History

Great Britain
- Name: Unknown
- Namesake: Male roe deer
- Builder: London
- Launched: 1784
- Renamed: Roebuck (1799)
- Fate: Condemned April 1806

General characteristics
- Tons burthen: 201, or 206 (bm)
- Complement: 24
- Armament: 1799: 2 × 6-pounder + 4 × 4-pounder guns ; 1800: 14 × 6&4-pounder guns;

= Roebuck (1799 ship) =

Roebuck was a ship built on the Thames in 1784, almost certainly under another name. She first appeared as Roebuck in 1799 sailing as a West Indiaman. Between 1800 and 1802 she made three voyages as a slave ship in the triangular trade in enslaved people. After the three voyages she became a West Indiaman. She was condemned in 1806.

==Career==
Roebuck first appeared in Lloyd's Register (LR) under that name in 1799.

| Year | Master | Owner | Trade | Source |
|---|---|---|---|---|
| 1799 | M'Iiver | Boadman | London–Berbice | LR |
| 1800 | M'Iver | Bodman | London–Berbice | LR |
| 1801 | M'Iver R.Vaughn | VanSpan Swanzy | Cork–London London–Africa | LR |

Roebuck made three voyages as a slave ship before this was reflected in LR.

1st slave voyage (1800–1801): Captain Daniel Neal acquired a letter of marque on 19 April 1800.
Captain Neale sailed from London on 30 April 1800, bound for the Gold Coast. Roebuck acquired captives first at Cape Coast Castle and then at Wiamba. She arrived at Demerara on 3 December with 214 captives. Roebuck, Neale, master, was sold there. She arrived back at London on 14 April 1801. At some point her master had changed to Phillips, and then to Toole.

2nd slave voyage (1801–1802): Captain Richard Vaughn sailed from London on 7 June 1801, bound for the Gold Coast. Roebuck arrived in Demerara on 15 December. She arrived back in London on 17 February 1802.

3rd slave voyage (1802): Captain Vaughn sailed from London on 21 April 1802, bound for the Gold Coast. Roebuck began gathering captives in Africa on 24 June. She arrived at Demerara on 15 October with 219 captives and with Barnett, master. She arrived back at London 29 December 1802.
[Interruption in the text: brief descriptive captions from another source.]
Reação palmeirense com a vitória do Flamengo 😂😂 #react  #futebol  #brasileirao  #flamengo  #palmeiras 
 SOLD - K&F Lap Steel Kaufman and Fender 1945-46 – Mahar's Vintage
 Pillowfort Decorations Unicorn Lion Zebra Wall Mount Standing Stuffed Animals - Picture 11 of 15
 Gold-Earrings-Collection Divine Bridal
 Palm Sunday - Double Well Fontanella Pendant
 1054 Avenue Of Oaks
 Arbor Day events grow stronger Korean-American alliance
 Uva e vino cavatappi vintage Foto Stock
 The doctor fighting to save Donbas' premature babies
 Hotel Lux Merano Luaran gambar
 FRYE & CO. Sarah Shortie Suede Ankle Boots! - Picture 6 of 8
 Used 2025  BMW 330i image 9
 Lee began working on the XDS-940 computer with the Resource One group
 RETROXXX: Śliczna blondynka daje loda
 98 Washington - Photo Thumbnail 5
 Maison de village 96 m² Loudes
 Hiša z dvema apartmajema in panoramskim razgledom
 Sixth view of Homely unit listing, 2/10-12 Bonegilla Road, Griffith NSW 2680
| Year | Master | Owner | Trade | Source & notes |
|---|---|---|---|---|
| 1805 | Vaughn Strannach | Swansea & Co. Simpson & Co. | London–Africa | LR; small repairs 1802, & damages and small repairs 1805 |

==Fate==
Roebuck, Strannack, master, was on her way from Antigua to London when she put into St Kitts on 28 April 1806, leaky. It was expected that she would have to discharge some of her cargo. The next report was that she had been condemned at St Kitts. Her cargo was transshipped on George, Derbyshire, master.